Let's Tribute Ourselves
Besides, that's not even the point of this article. The point does have something to do with my earlier reminiscence. When I am traveling now, either domestically or abroad, I always see a disturbing occurrence at most jazz festivals. Not only are the festivals comprised of a dwindling percentage of actual jazz music, but when the cats are there playing, if they are not there as a sideman with an older, established musician, they are always there in tribute to someone.
The true audience that I hope to reach with this article is comprised of the concert and festival promoters and presenters... the network of people that keep jazz musicians like me working. Let me just come out and say it: Enough with the tribute bands! Don't get me wrong, the musicians that are being honored are more than deserving and an occasional tribute here and there is fine, but when that's the only way that today's jazz musicians can get a gig on a large stage, it is damaging to the natural progression of the music. When are the cats on the scene today going to have a chance to present their own directions at the largest stages for the music to which they have dedicated their lives?
One of the reasons that those older masters became as great as they were was that at some point in their careers they were in situations where they could play their own music or that of their contemporaries. Would Wayne Shorter's compositional skills have developed to the depths that they did if Art Blakey's band had to play tributes to Charlie Parker constantly? Was John Coltrane ever forced to do tributes to Sidney Bechet in order to get a gig? What would have been the effect of that on his playing if he was never able to demonstrate the new harmonic concepts he was working on in the late '50s or the expressions of his spirituality in the '60s?

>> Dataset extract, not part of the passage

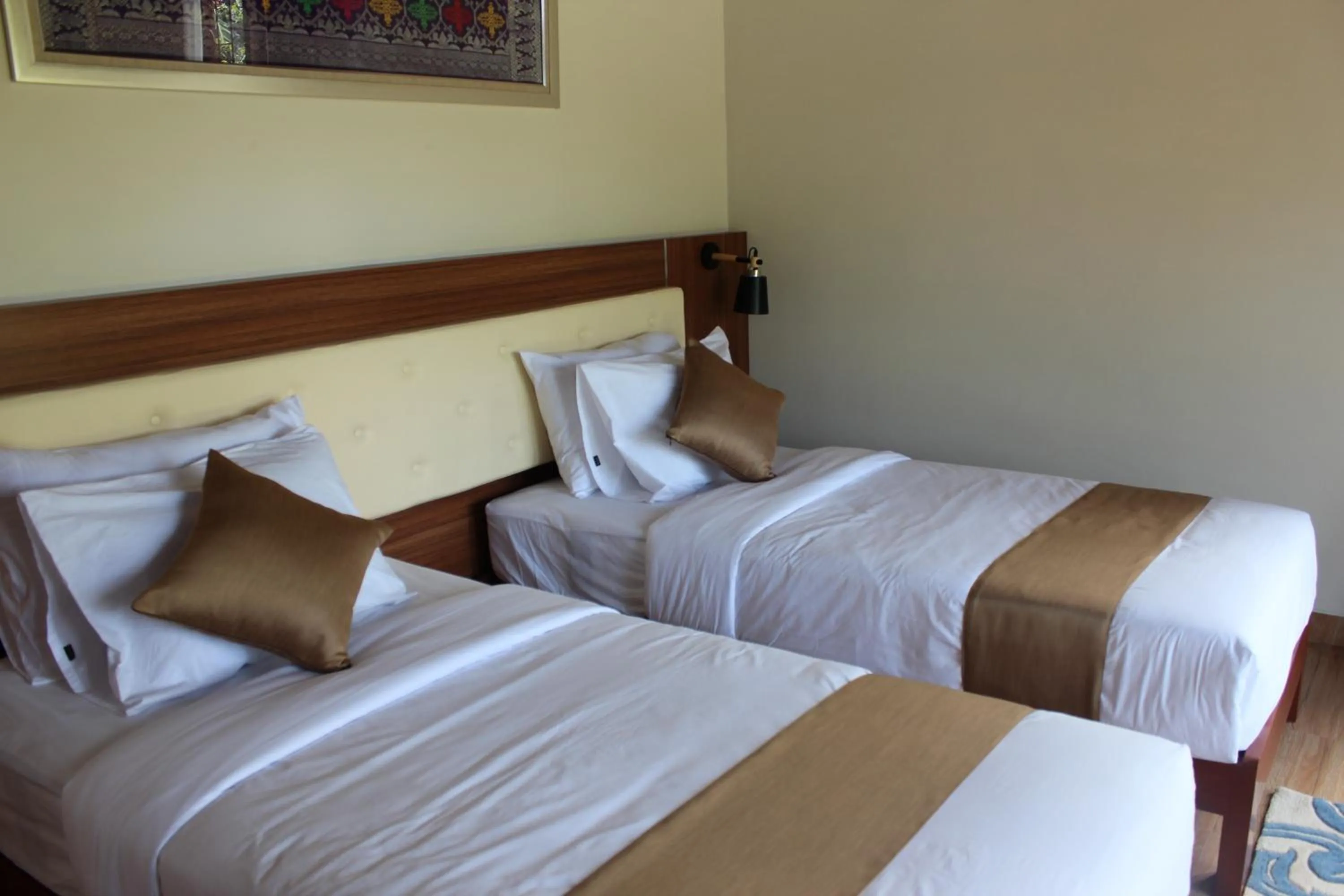 Bed in Villa Umah Didua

Concert and festival promoters are under a misconception that they have to package music this way in order to make it appealing to the audience. The truth is, people can hear and feel honesty in music and respond to it. I can't tell you how many times that, after talking to someone who attended a tribute concert of which I was a part, they asked me, "Who was that Monk you were talking about on the stage?" My experience has been that usually they don't remember or make a connection with the person we were paying tribute to but always remember a great musical moment of the night, regardless of whose tune it was on. They always say, "That pianist could play," the point being that he could have been playing on a Monk tune or one of his own originals. If the right musicians are allowed to present their music without constraints, audiences will appreciate being able to connect with the musical vision of those jazz musicians as they see it today.